What to produce: From the line containing "Groupe de jeunes" through the last line below, copy every line exactly, leaving out the pictures.

*** Records for this task ***

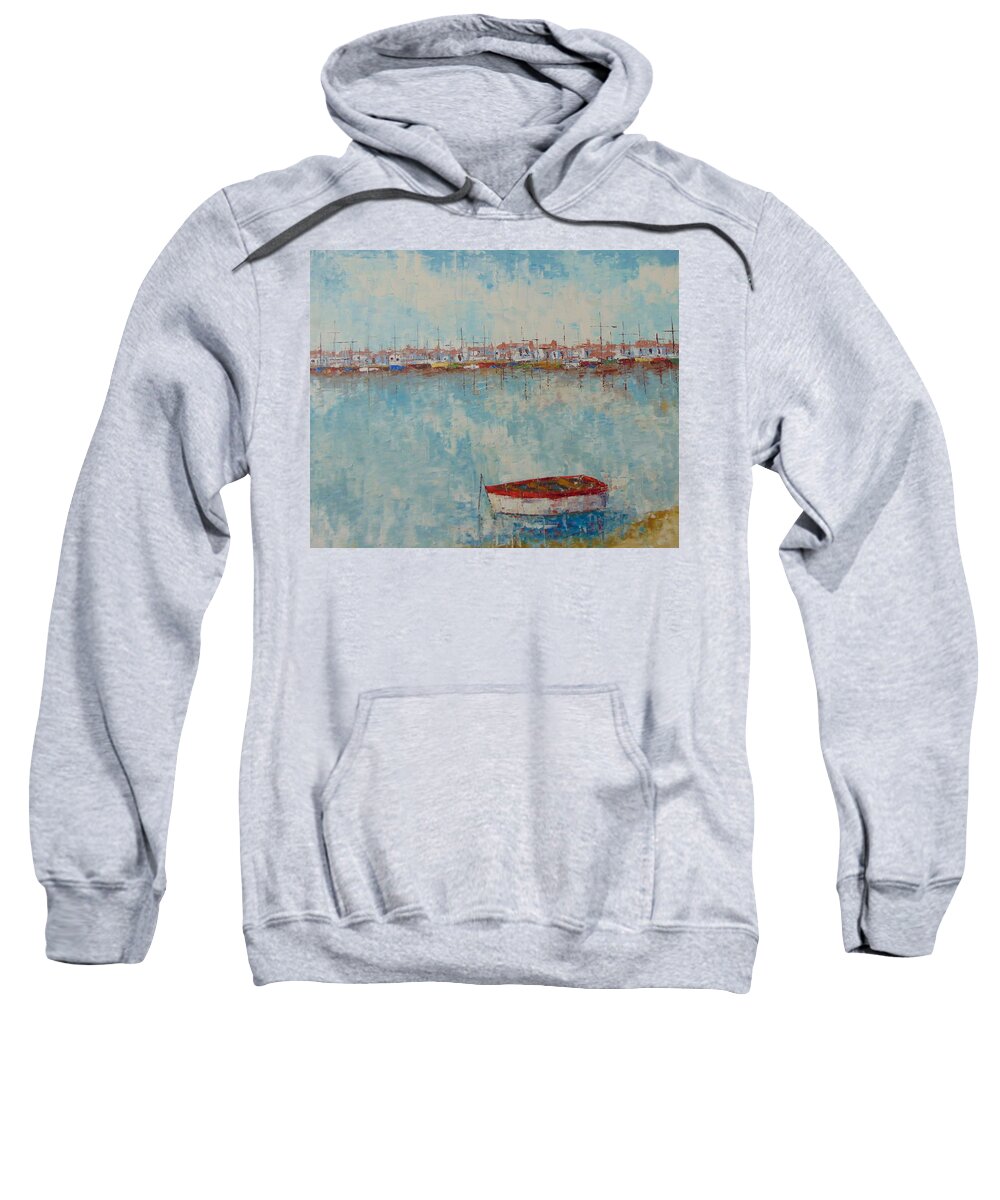 Frederic Payet Sweatshirt featuring the painting Barque au large de Marseille by Frederic Payet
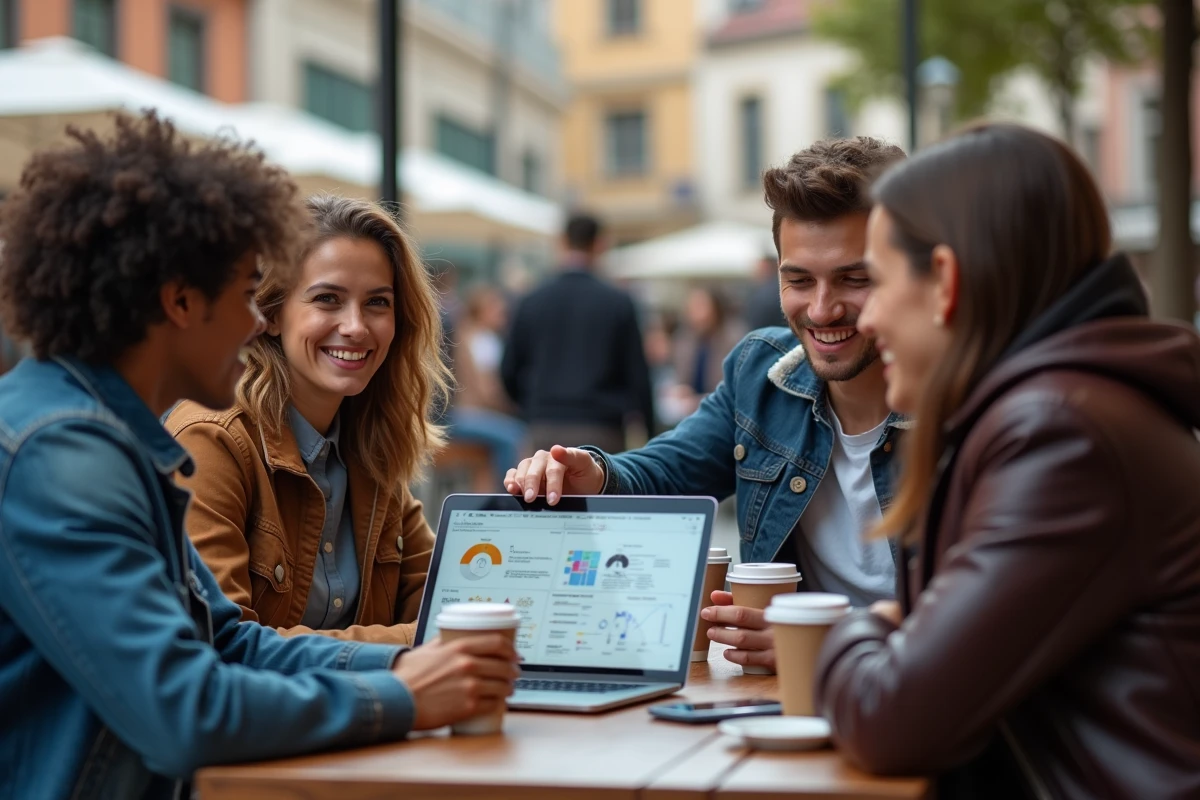 Groupe de jeunes discutant autour d un café en ville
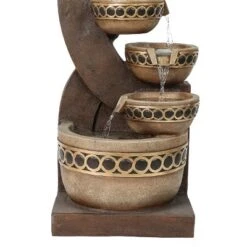 LuxenHome Brown Resin Cascading Pitchers Outdoor Fountain -LuxenHome GUEST 61e00dd4 d236 4c1d 85f2 fc590aa251b3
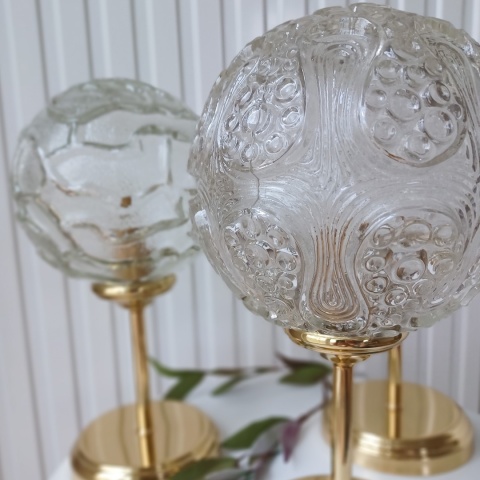 Lampa stołowa z mosiądzu z kloszem vintage CLARA 001 złota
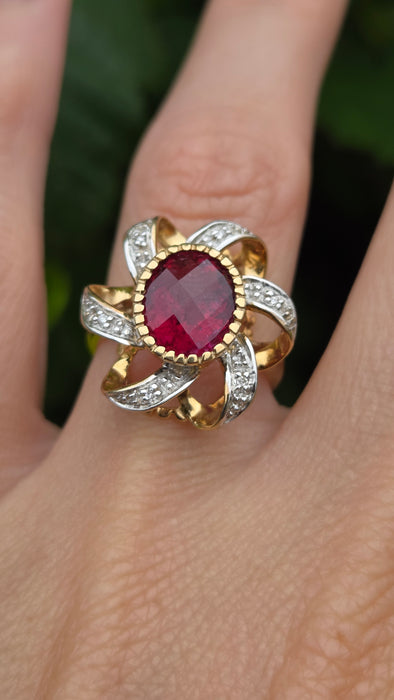 Vintage: 9ct Yellow Gold Rubellite & Diamond Dress Ring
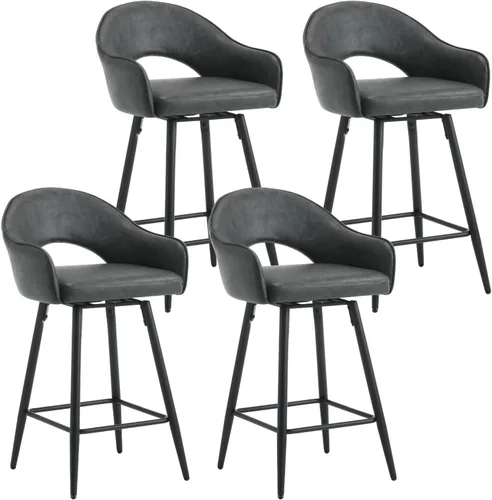 Vista 11 de HEAH-YO Juego de 2 taburetes de bar giratorios modernos de 27 pulgadas de altura de mostrador con respaldo y patas de metal negro, taburetes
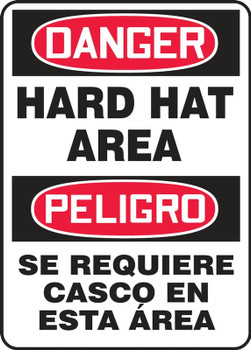 Bilingual Contractor Preferred OSHA Danger Safety Sign: Hard Hat Area 14" x 10" Adhesive Vinyl (3.5 mil) 1/Each - SBEPPA005CS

*** End of Records for this task ***

Answer:
 Groupe de jeunes discutant autour d un café en ville
 LuxenHome Brown Resin Cascading Pitchers Outdoor Fountain -LuxenHome GUEST 61e00dd4 d236 4c1d 85f2 fc590aa251b3
 Lampa stołowa z mosiądzu z kloszem vintage CLARA 001 złota
 Vintage: 9ct Yellow Gold Rubellite & Diamond Dress Ring
 Vista 11 de HEAH-YO Juego de 2 taburetes de bar giratorios modernos de 27 pulgadas de altura de mostrador con respaldo y patas de metal negro, taburetes
 Bilingual Contractor Preferred OSHA Danger Safety Sign: Hard Hat Area 14" x 10" Adhesive Vinyl (3.5 mil) 1/Each - SBEPPA005CS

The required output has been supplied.